*** Opening of SOURCE MATERIAL ***
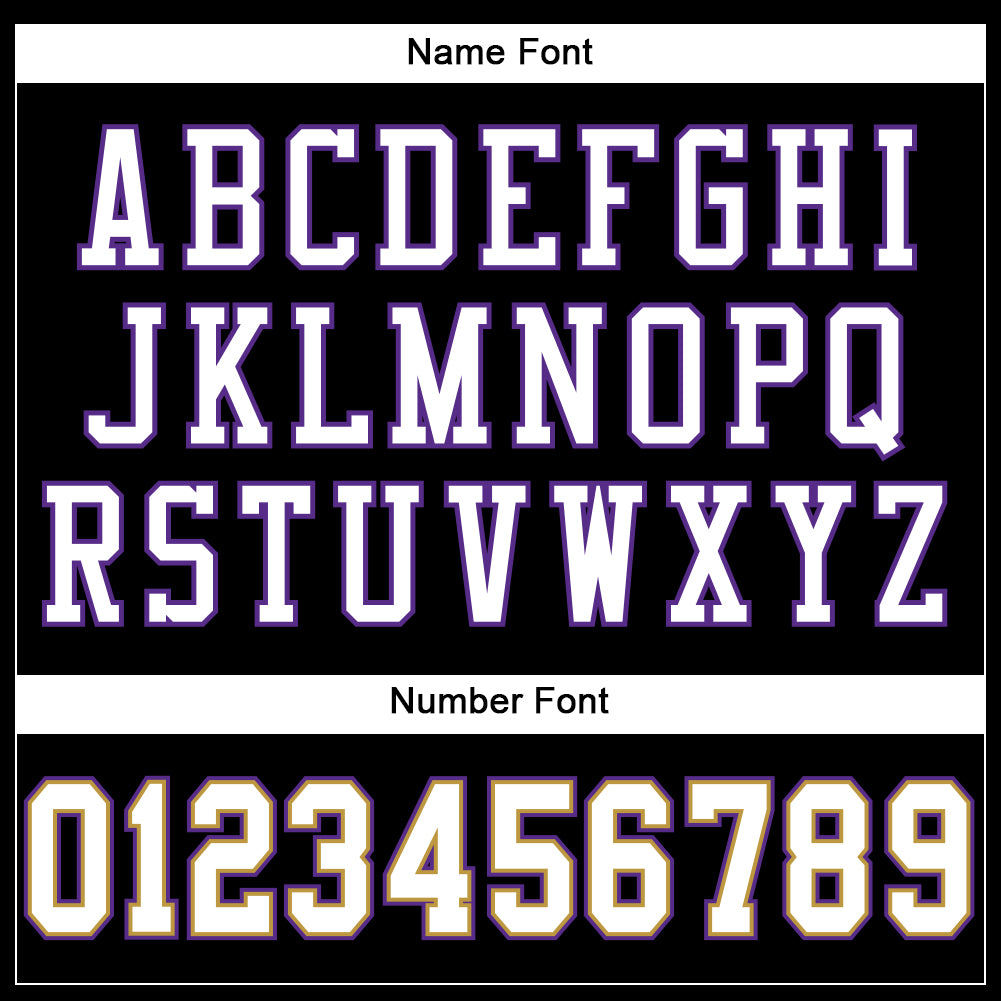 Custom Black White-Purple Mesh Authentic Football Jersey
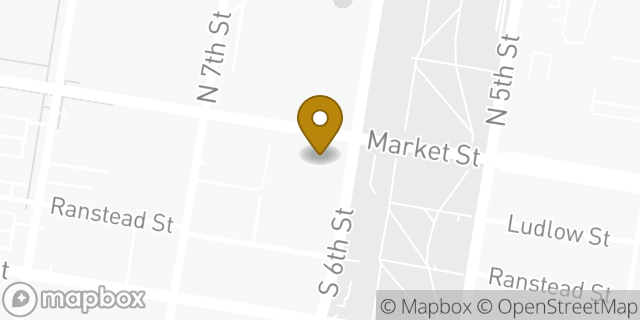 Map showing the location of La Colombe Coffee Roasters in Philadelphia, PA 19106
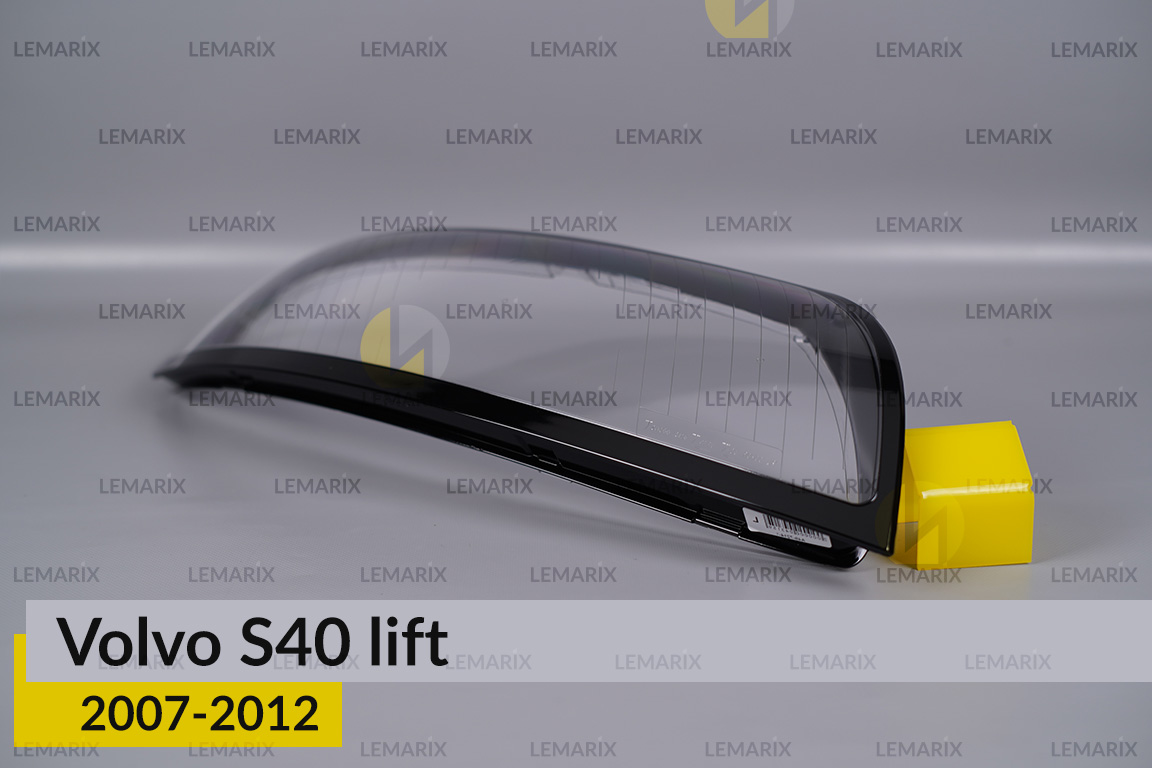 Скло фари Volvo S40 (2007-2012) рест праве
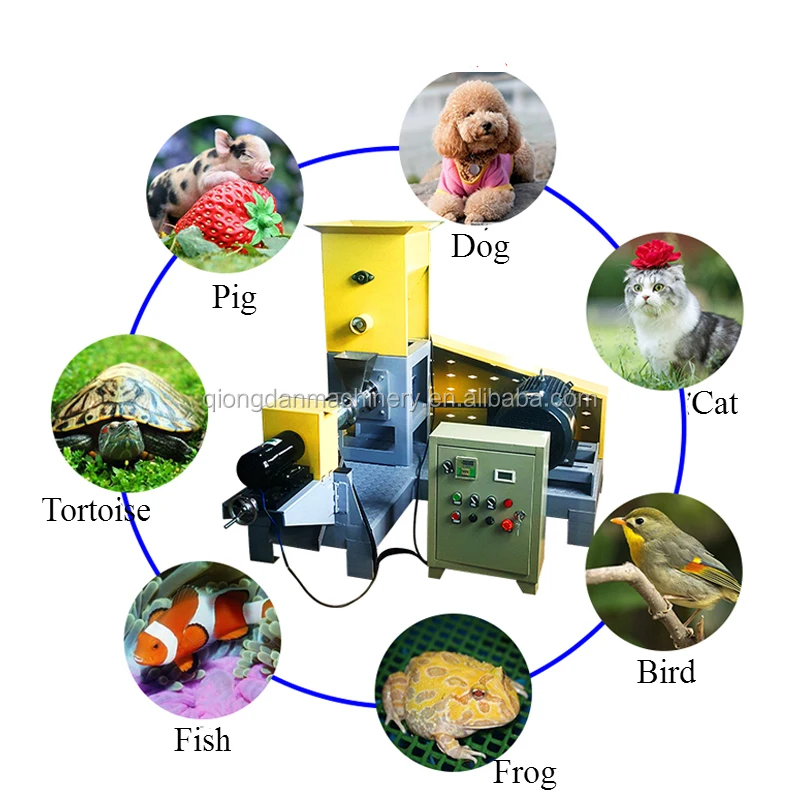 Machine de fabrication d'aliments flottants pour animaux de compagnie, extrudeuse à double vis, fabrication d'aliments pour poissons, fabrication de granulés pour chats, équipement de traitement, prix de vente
*** Close of SOURCE MATERIAL ***
PROBLEM TO SOLVE :: If a picture falls within the span, leave it out, and reproduce exactly the lines from the one containing "Скло фари Volvo S40 (2007-2012) рест праве" through the end of the material, and no others.

SOLUTION FOR THIS EXERCISE ::
 Скло фари Volvo S40 (2007-2012) рест праве
 Machine de fabrication d'aliments flottants pour animaux de compagnie, extrudeuse à double vis, fabrication d'aliments pour poissons, fabrication de granulés pour chats, équipement de traitement, prix de vente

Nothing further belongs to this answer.